School system officials said in a statement that they were pleased with the outcome. “We are grateful that the Court has ruled in favor of the School Board and believe that the decision is legally sound,” the statement read.
Jesse R. Binnall, an attorney representing the male student, said he and his client are evaluating the possibility of an appeal.
The teenager said the school system treats male students facing sexual misconduct accusations more harshly than female students, violating federal law prohibiting sex discrimination in schools. The student also said the system violated his due-process rights.

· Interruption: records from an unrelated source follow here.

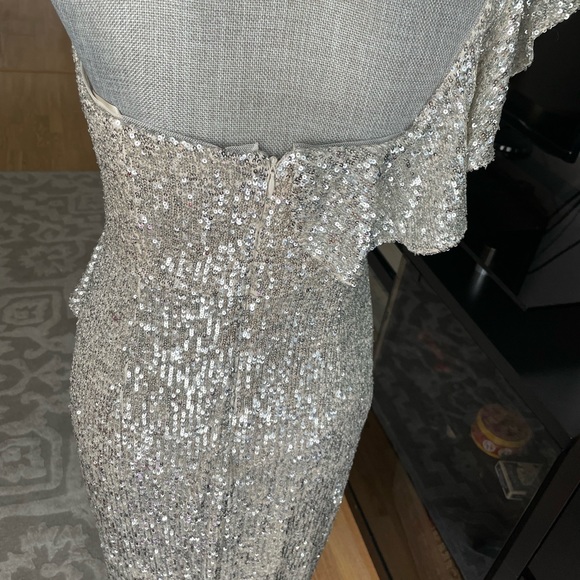 Dress - Picture 5 of 8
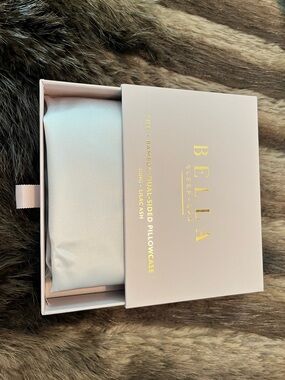 Dual sided BELLA Silk Bamboo Pillowcase in Lilac Ash (King)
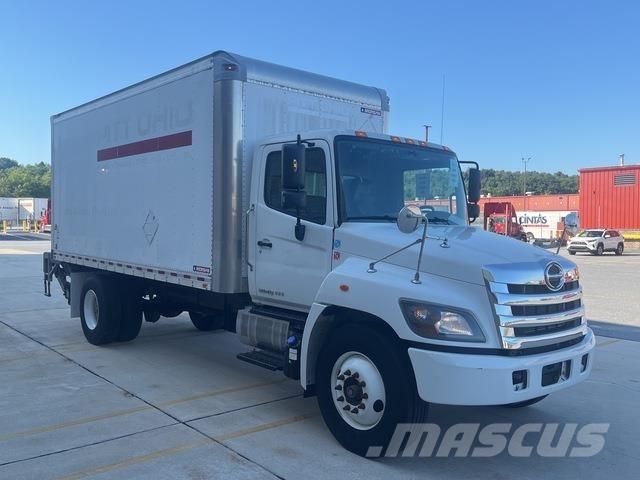 Hino 338 Грузовики-Фургоны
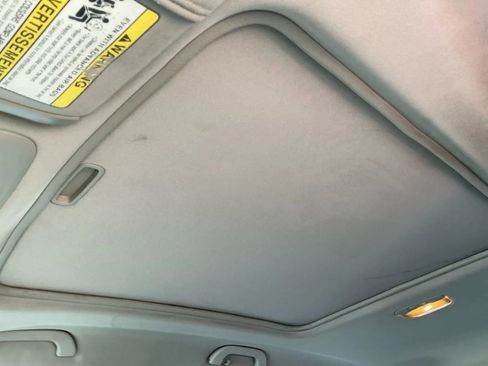 Used 2006 Subaru Outback 3.0R L.L. Bean image 25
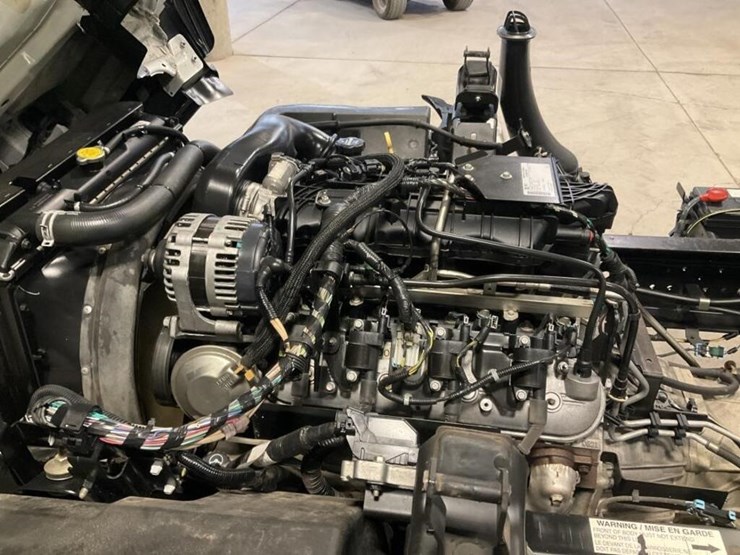 2016-isuzu-npr-image-11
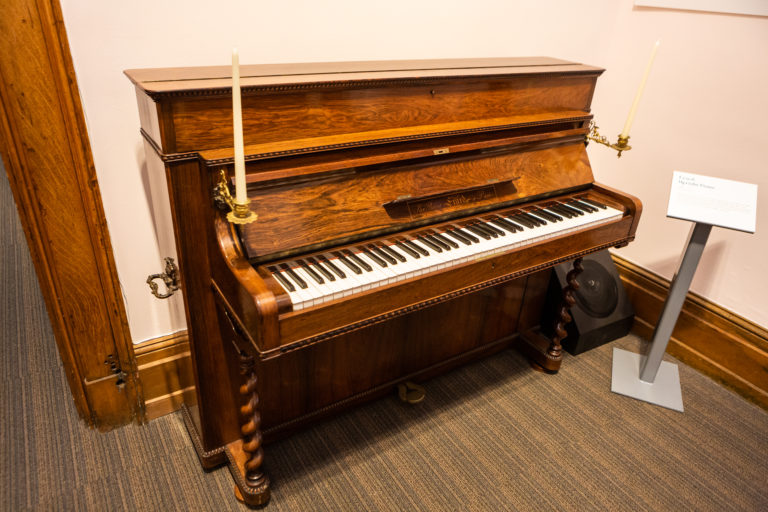 Érard Upright Piano - Schubert Club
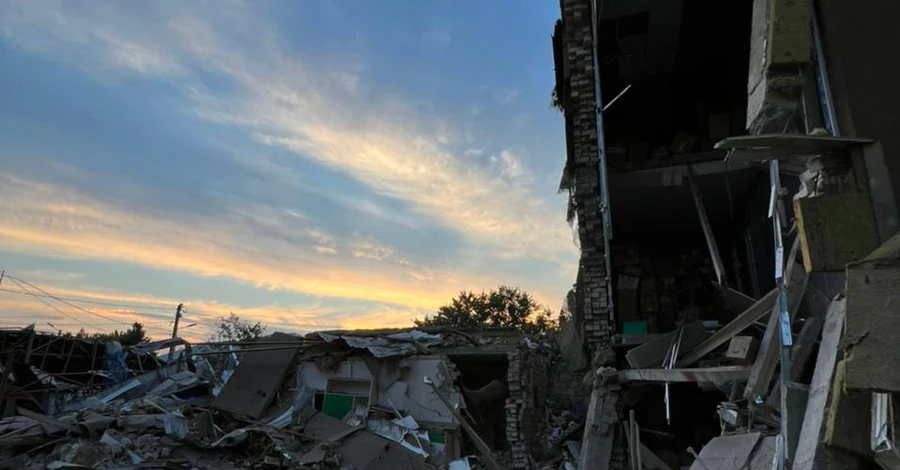 Російські війська обстрілюють житлові квартали Миколаєва: 2 загиблих, 24 поранених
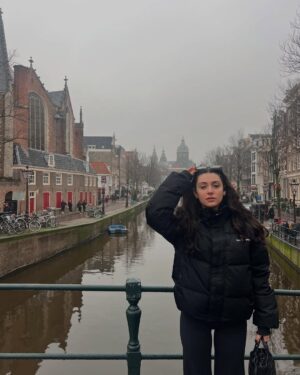 Rébecca Benhamour Instagram - un week-end sans weed à amsterdam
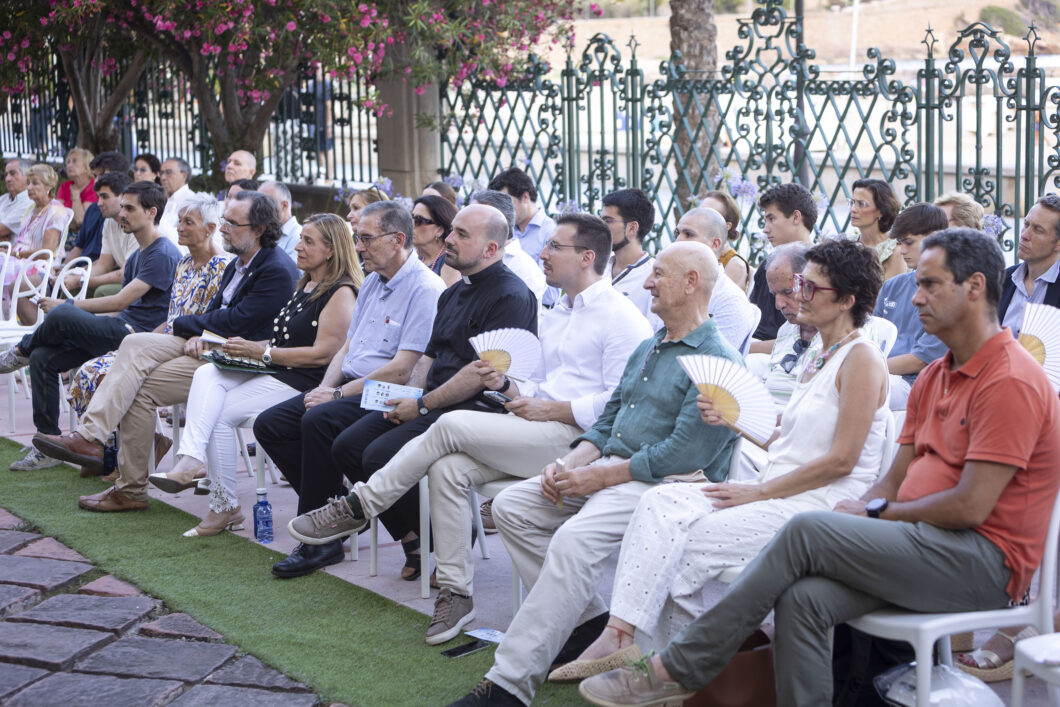 Castellón, a 4-7-2025.- La primera sesión de “Testigo Directo” 2025, en Benicàssim, arrancó ayer con una mesa redonda en torno al espíritu de la Transición, en la que intervinieron los periodistas Almudena Martínez-Fornés (El Debate), Víctor Mut y Vicente Farnós en calidad de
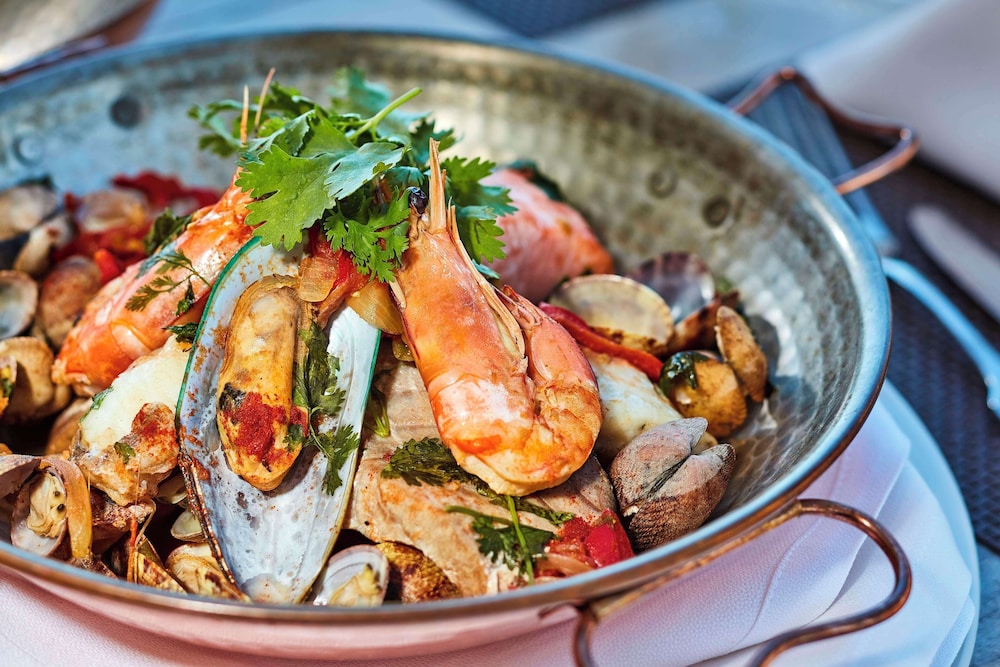NH Marina Portimao Resort — Restaurant & bars in Portimão, Faro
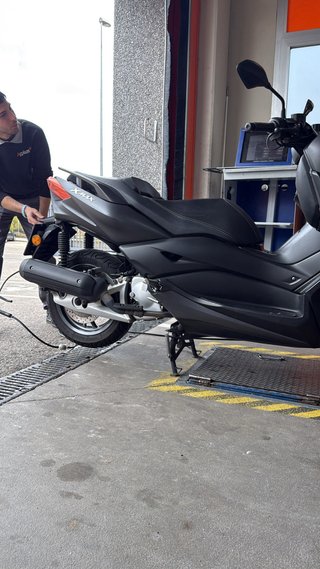 Yamaha XMAX 125 Scooter Negro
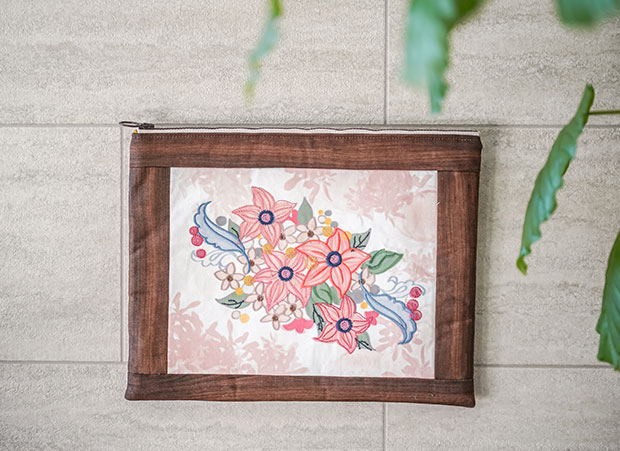 額縁風タブレットポーチ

But Judge Anthony J. Trenga of the U.S. District Court for the Eastern District of Virginia determined there was little evidence to back those claims. Trenga said in his decision that the student “was afforded the notice and opportunity to be heard” and that the student failed to provide sufficient evidence to support the argument that Fairfax schools acted in an unfair or biased way.

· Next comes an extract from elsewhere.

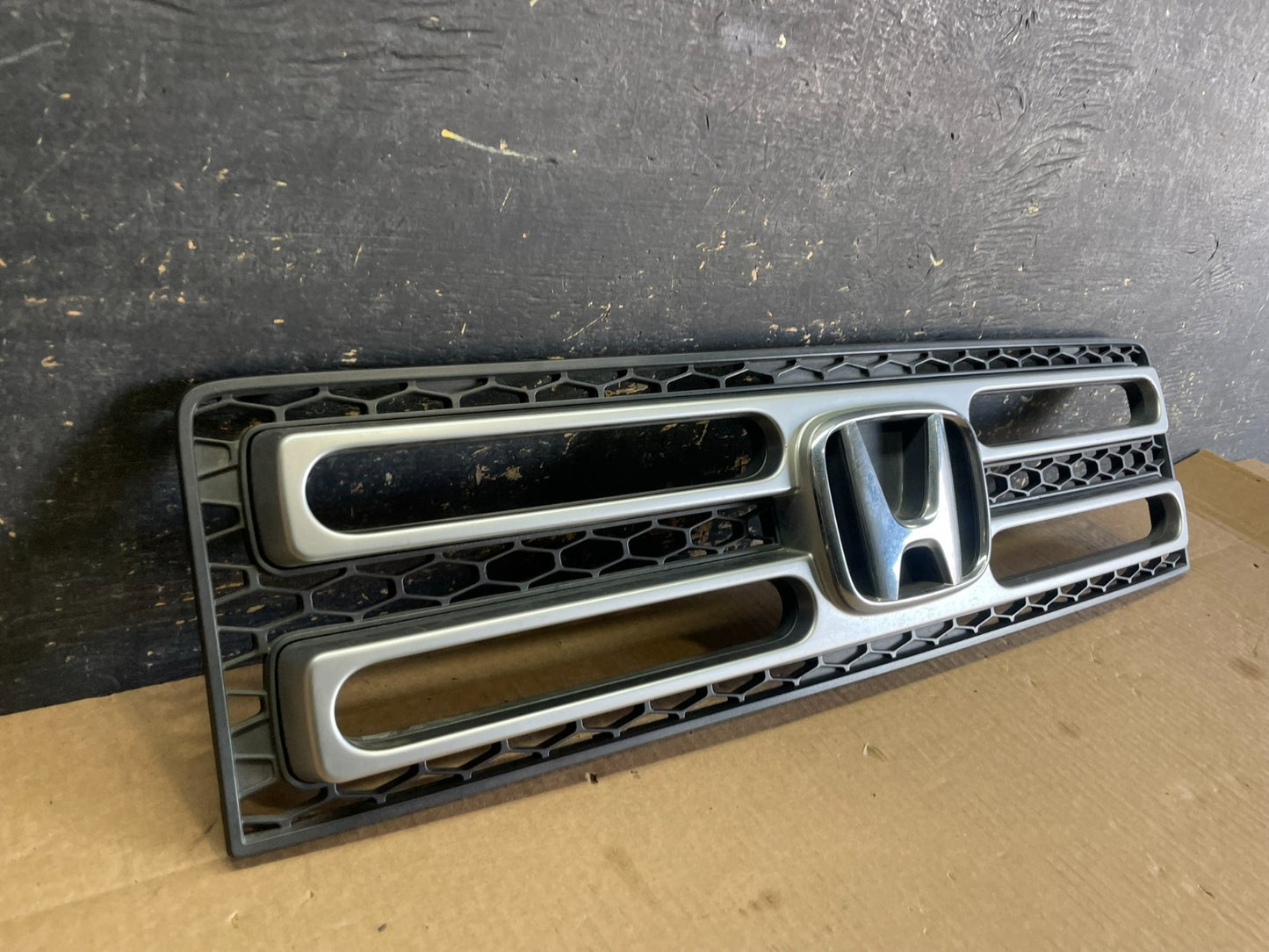 2006 to 2008 Honda Ridgeline Front Upper Grille Grill OEM  AB3018 DG1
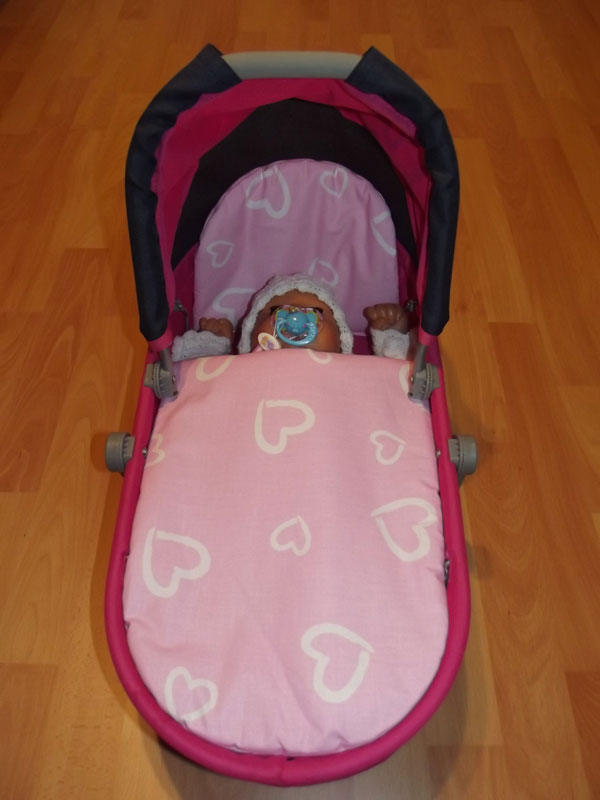 Peřinky do kočárku pro panenky Srdíčka velká růžová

The Robinson case stems from a December incident in which the 18-year-old student who filed the lawsuit was near another male student who allegedly slapped a female student’s buttocks.
The female student filed a complaint with a school administrator, accusing both students of sexually harassing her for about a month before the incident, court papers say.

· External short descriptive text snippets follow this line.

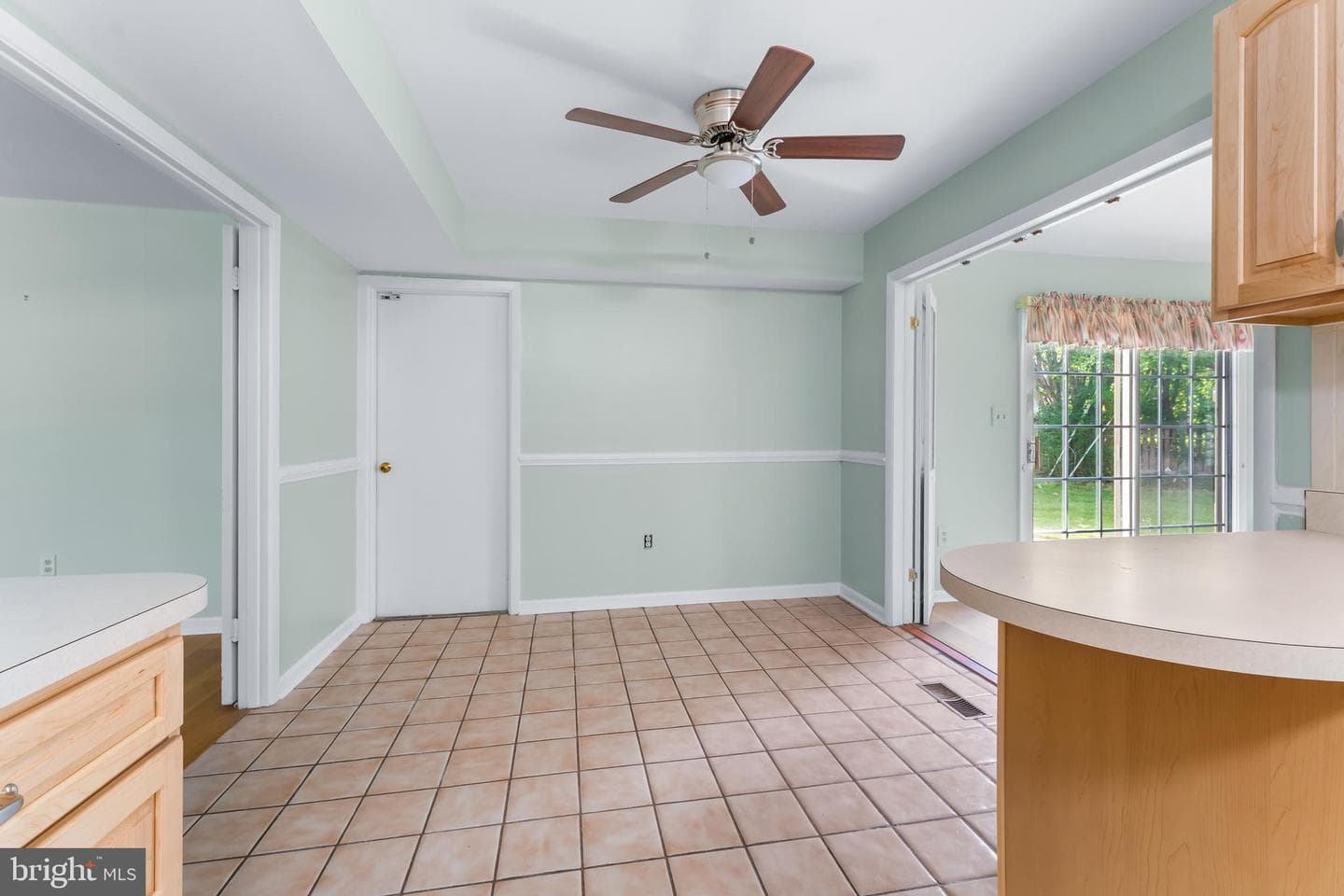 12106 Foxhill Lane photo 11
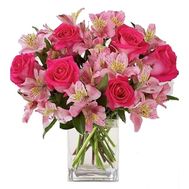 Bouquet of flowers from 7 roses and 6 alstroemerias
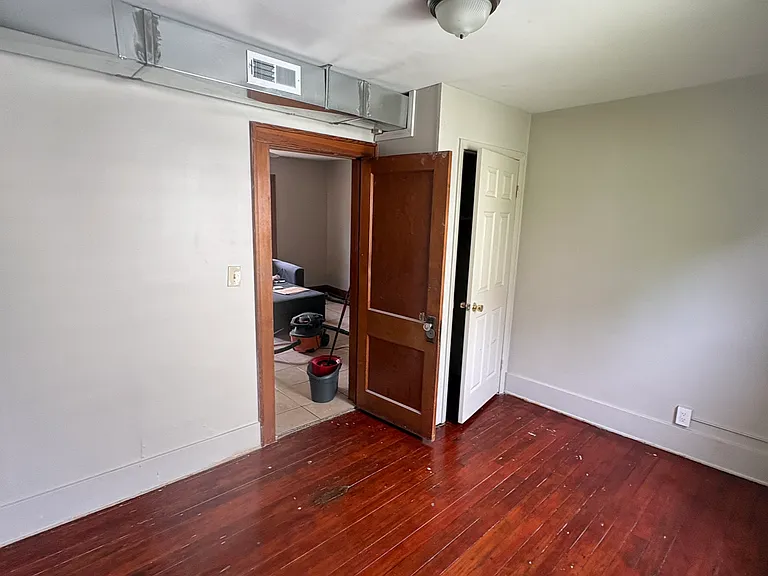 1551 Broadway Ave NW #2 — Photo 5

The male student said he and the young woman flirted with each other but said those encounters were consensual, according to the lawsuit. The male student described those interactions as “playfully” poking the female student in class and putting his arm around her. He denied sexually harassing the young woman.
Administrators suspended the male student, and school system administrators held a hearing on the female student’s complaint Dec. 21, according to court documents. The male student and his parents were not allowed to question his accuser or witnesses but presented their case and submitted statements from two character witnesses.
A hearing officer found the male student had violated the school system’s sexual harassment policy and reassigned him to Mountain View High, an alternative school.
Binnall, the male student’s attorney, described the process used by Fairfax schools to adjudicate sexual misconduct complaints as a “kangaroo court” where “students don’t have a real opportunity to be heard.”
The student, who wanted the federal court to clear his record, graduated from the alternative school in June, court papers say.
The Lake Braddock student sued amid a national reckoning over sexual misconduct, arguing the school system’s treatment of him was influenced by media reports that “suggest the pervasive nature of sexual assault committed by male students.”
A federal jury also sided with Fairfax schools in a case brought by a student who said she was sexually assaulted during an Oakton High band trip. She argued the school’s investigation was inadequate. The jury concluded that the teen was sexually harassed and that the experience was so severe it deprived her of educational access. But it found the Fairfax County School Board was not liable because it did not have “actual knowledge” of the encounter.
The Oakton student’s attorneys are seeking a new trial.